Re: [PATCH v11 10/10] PCI: Introduce pci_remap_iospace() for remapping PCI I/O bus resources into CPU space

From: Rob Herring
Date: Fri Sep 19 2014 - 20:35:10 EST


On 09/17/2014 08:30 PM, Liviu Dudau wrote:
> Introduce a default implementation for remapping PCI bus I/O resources
> onto the CPU address space.
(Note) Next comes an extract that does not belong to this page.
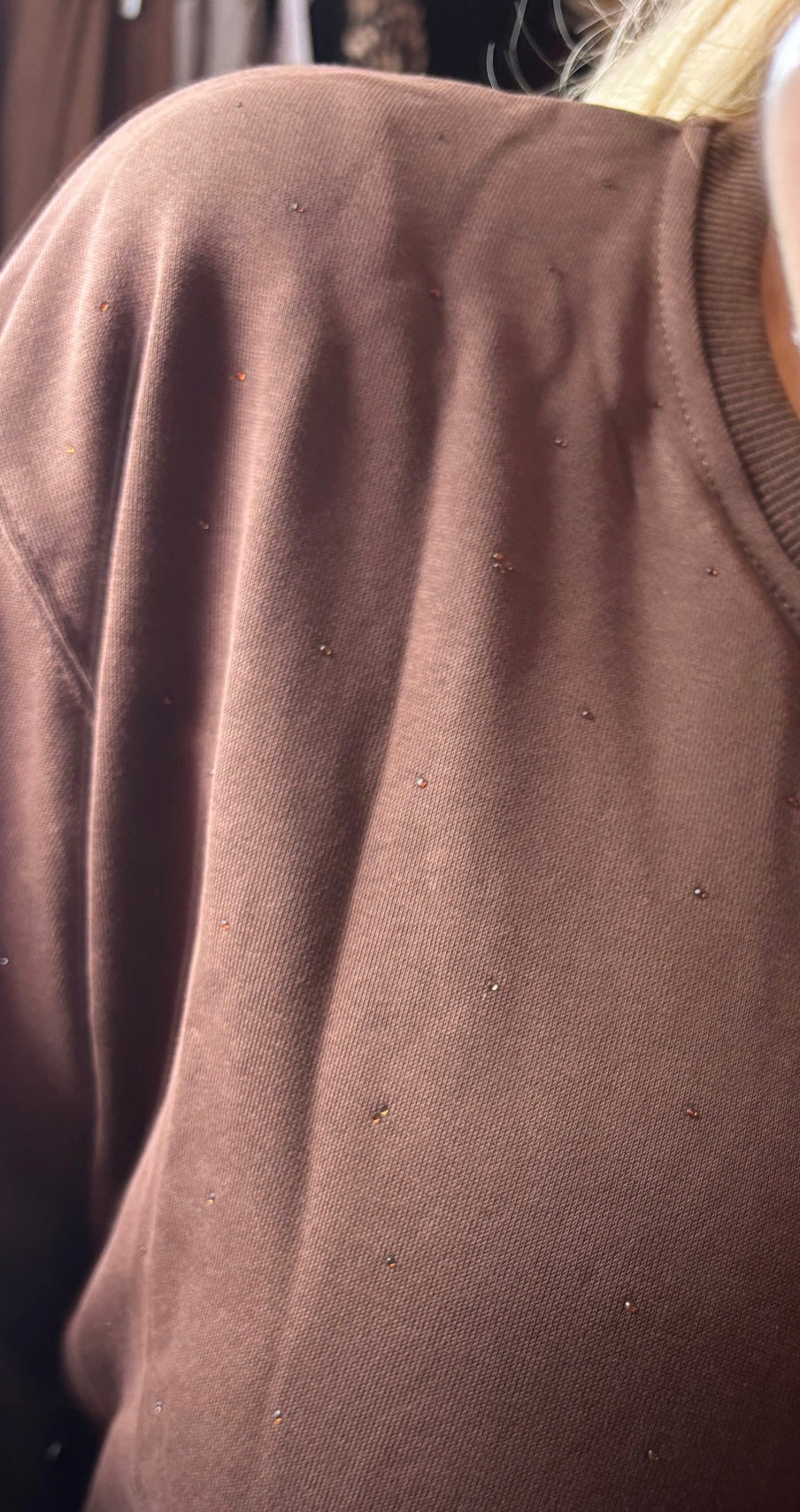 Sweater strass Bruin tot Maat 44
Architectures with special needs may
> provide their own version, but most should be able to use this one.
>
> Cc: Bjorn Helgaas <bhelgaas@xxxxxxxxxx>
> Cc: Arnd Bergmann <arnd@xxxxxxxx>
> Cc: Rob Herring <robh+dt@xxxxxxxxxx>
> Reviewed-by: Catalin Marinas <catalin.marinas@xxxxxxx>
> Signed-off-by: Liviu Dudau <Liviu.Dudau@xxxxxxx>

One nit below, otherwise:

Reviewed-by: Rob Herring <robh@xxxxxxxxxx>

> ---
> drivers/pci/pci.c | 33 +++++++++++++++++++++++++++++++++
> include/asm-generic/pgtable.h | 4 ++++
> include/linux/pci.h | 3 +++
> 3 files changed, 40 insertions(+)
>
> diff --git a/drivers/pci/pci.c b/drivers/pci/pci.c
> index 2c9ac70..654b44c 100644
> --- a/drivers/pci/pci.c
> +++ b/drivers/pci/pci.c
> @@ -2704,6 +2704,39 @@ int pci_request_regions_exclusive(struct pci_dev *pdev, const char *res_name)
> }
> EXPORT_SYMBOL(pci_request_regions_exclusive);
>
> +/**
> + * pci_remap_iospace - Remap the memory mapped I/O space
> + * @res: Resource describing the I/O space
> + * @phys_addr: physical address where the range will be mapped.
> + *
> + * Remap the memory mapped I/O space described by the @res
> + * into the CPU physical address space. Only architectures
> + * that have memory mapped IO defined (and hence PCI_IOBASE)
> + * should call this function.
> + */
> +int __weak pci_remap_iospace(const struct resource *res, phys_addr_t phys_addr)
> +{
> + int err = -ENODEV;
> +
> +#ifdef PCI_IOBASE
> + if (!(res->flags & IORESOURCE_IO))
> + return -EINVAL;
> +
> + if (res->end > IO_SPACE_LIMIT)
> + return -EINVAL;
> +
> + err = ioremap_page_range(res->start + (unsigned long)PCI_IOBASE,
> + res->end + 1 + (unsigned long)PCI_IOBASE,
> + phys_addr, pgprot_device(PAGE_KERNEL));
> +#else
> + /* this architecture does not have memory mapped I/O space,
> + so this function should never be called */
> + WARN_ON(1);

Printing what the comment says in the warning would be better than
making the user look-up why they got a warning.